7.10.2017   

DE

Amtsblatt der Europäischen Union

L 259/21


EMPFEHLUNG (EU) 2017/1803 DER KOMMISSION

vom 3. Oktober 2017

über den Ausbau legaler Einreisemöglichkeiten für Personen mit Anspruch auf internationalen Schutz

(Bekannt gegeben unter Aktenzeichen C(2017) 6504)

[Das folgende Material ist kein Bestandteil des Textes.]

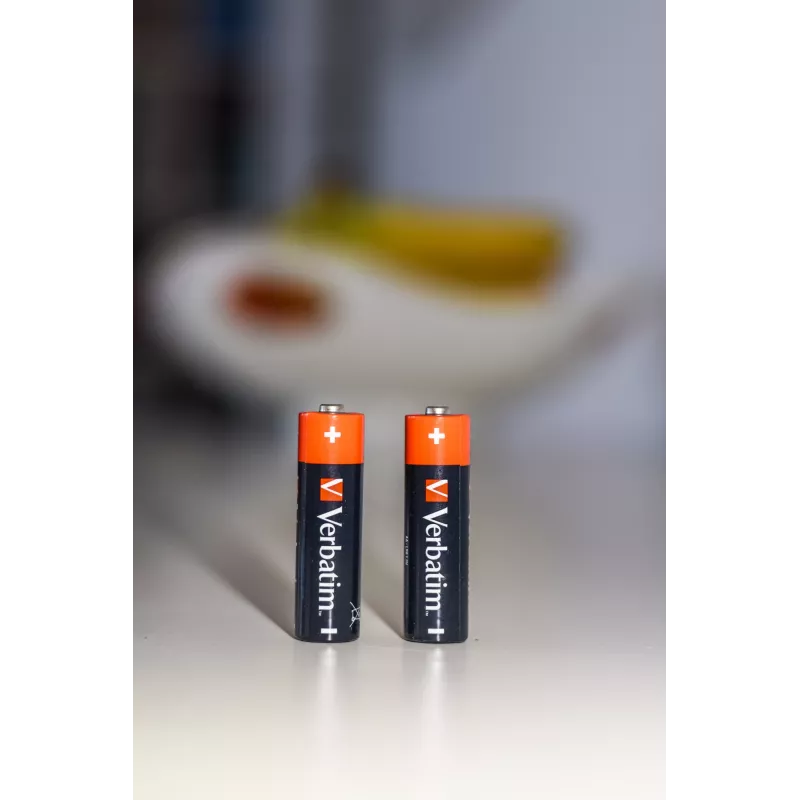 Verbatim batterie AA alcaline, batteria usa e getta, AA, alcalina, 1,5 V, 10 pezzi, nero, rosso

DIE EUROPÄISCHE KOMMISSION —

gestützt auf den Vertrag über die Arbeitsweise der Europäischen Union, insbesondere auf Artikel 292,

in Erwägung nachstehender Gründe:

(1)

Die Neuansiedlung ist ein wichtiges Instrument zum Schutz Vertriebener und ein eindeutiges Zeichen weltweiter Solidarität mit Drittländern, in denen zahlreiche Menschen Schutz suchen, die vor Krieg oder Verfolgung fliehen. Indem sie Migranten eine sichere und legale Alternative zu gefährlichen und irregulären Migrationsrouten bietet, trägt die Neuansiedlung zur Rettung von Menschenleben, zur Reduzierung der irregulären Migration und zur Bewältigung des Migrationsdrucks bei und zeigt, dass es andere Möglichkeiten gibt, als sich auf Schleusernetze einzulassen. Sie ist somit ein wichtiger Baustein in der Asyl- und Migrationspolitik der EU.

(2)

Im September 2015 veranlasste die Flüchtlingskrise im Mittelmeer die Unionsorgane, auf die Dringlichkeit der Lage aufgrund des außergewöhnlich hohen Migrantenandrangs in der Region unverzüglich zu reagieren und zu kurz- und langfristigen Maßnahmen aufzurufen. Dazu zählten die Behandlung der Migrationsproblematik außerhalb der EU, die Gewährleistung einer wirksamen Kontrolle der EU-Außengrenzen, die Verschärfung der EU-Rückkehrpolitik und die gleichzeitige Reform des Gemeinsamen Europäischen Asylsystems (GEAS) sowie die Ausweitung sicherer und legaler Einreisemöglichkeiten in die EU.

(3)

Als Teil der Sofortmaßnahmen, aber auch mit dem Ziel eines umfassenden Herangehens an die Migrationskrise und als Zeichen der Solidarität mit den Drittländern, die die Hauptlast der weltweiten Flüchtlingskrise zu tragen haben, empfahl die Kommission am 8. Juni 2015 eine EU-weite Regelung zur Neuansiedlung von 20 000 Personen mit Anspruch auf internationalen Schutz binnen zwei Jahren (1). Am 20. Juli 2015 vereinbarten die Mitgliedstaaten zusammen mit den assoziierten Dublin-Staaten, 22 504 Schutzbedürftige aus dem Nahen Osten, Nordafrika und dem Horn von Afrika aufzunehmen (2).

(4)

Um Schleusernetze zu bekämpfen und Migranten eine Alternative zu lebensgefährlichen Unterfangen zu bieten, entschlossen sich die EU und die Türkei am 18. März 2016, den unkontrollierten Migrantenströmen, die zu einer humanitären Krise geführt hatten, Einhalt zu gebieten, und vereinbarten eine Reihe von Maßnahmen, darunter die Neuansiedlung von Syrern mit Anspruch auf internationalen Schutz in den Mitgliedstaaten.

(5)

Im Anschluss an die EU-Türkei-Erklärung änderte der Rat seinen Beschluss (EU) 2015/1601 (3) ab, um den Mitgliedstaaten die Erfüllung ihrer Umverteilungspflichten in Bezug auf 54 000 Schutzsuchende mittels Neuansiedlung, Aufnahme aus humanitären Gründen oder anderer Wege der legalen Aufnahme von in der Türkei aufhältigen Syrern mit Anspruch auf internationalen Schutz im Rahmen ihrer nationalen und multilateralen Programme zu ermöglichen.

(6)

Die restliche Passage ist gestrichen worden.